Your objective:
Exactly as written, return all the data, leaving its pictures behind.

Provided material:

==================================================

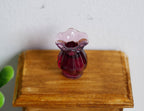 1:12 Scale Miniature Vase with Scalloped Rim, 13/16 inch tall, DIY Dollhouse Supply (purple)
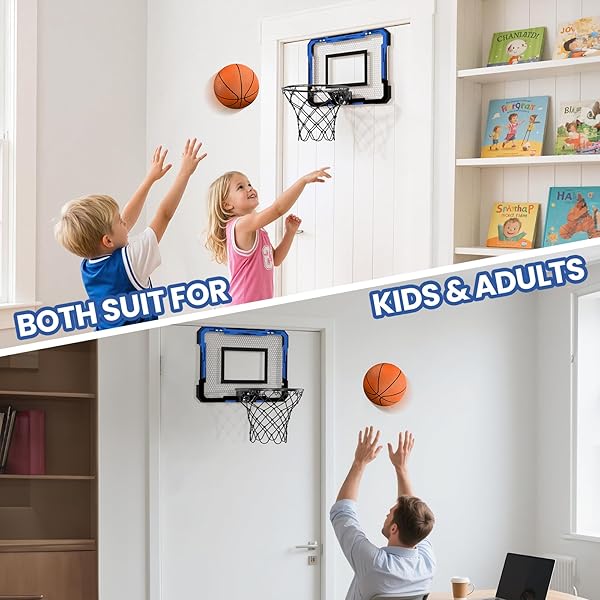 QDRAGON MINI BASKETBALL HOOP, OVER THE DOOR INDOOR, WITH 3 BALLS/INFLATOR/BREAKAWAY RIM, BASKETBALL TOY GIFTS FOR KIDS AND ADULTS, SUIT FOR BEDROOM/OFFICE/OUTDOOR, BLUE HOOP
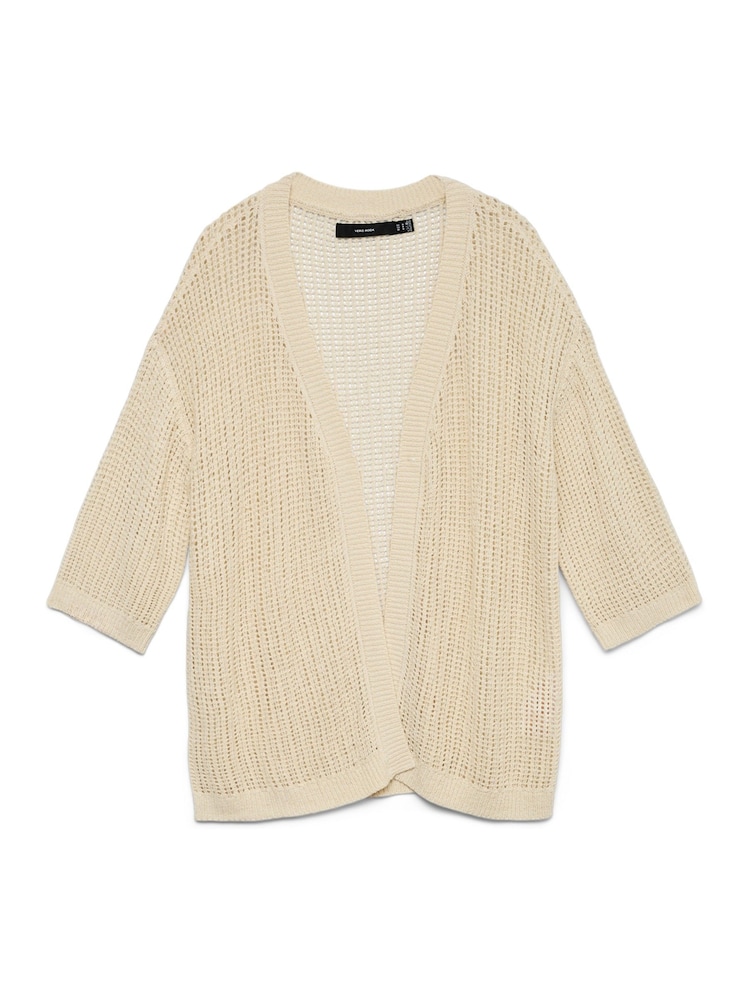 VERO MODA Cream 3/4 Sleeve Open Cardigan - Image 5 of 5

==================================================

Answer for this exercise:
 1:12 Scale Miniature Vase with Scalloped Rim, 13/16 inch tall, DIY Dollhouse Supply (purple)
 QDRAGON MINI BASKETBALL HOOP, OVER THE DOOR INDOOR, WITH 3 BALLS/INFLATOR/BREAKAWAY RIM, BASKETBALL TOY GIFTS FOR KIDS AND ADULTS, SUIT FOR BEDROOM/OFFICE/OUTDOOR, BLUE HOOP
 VERO MODA Cream 3/4 Sleeve Open Cardigan - Image 5 of 5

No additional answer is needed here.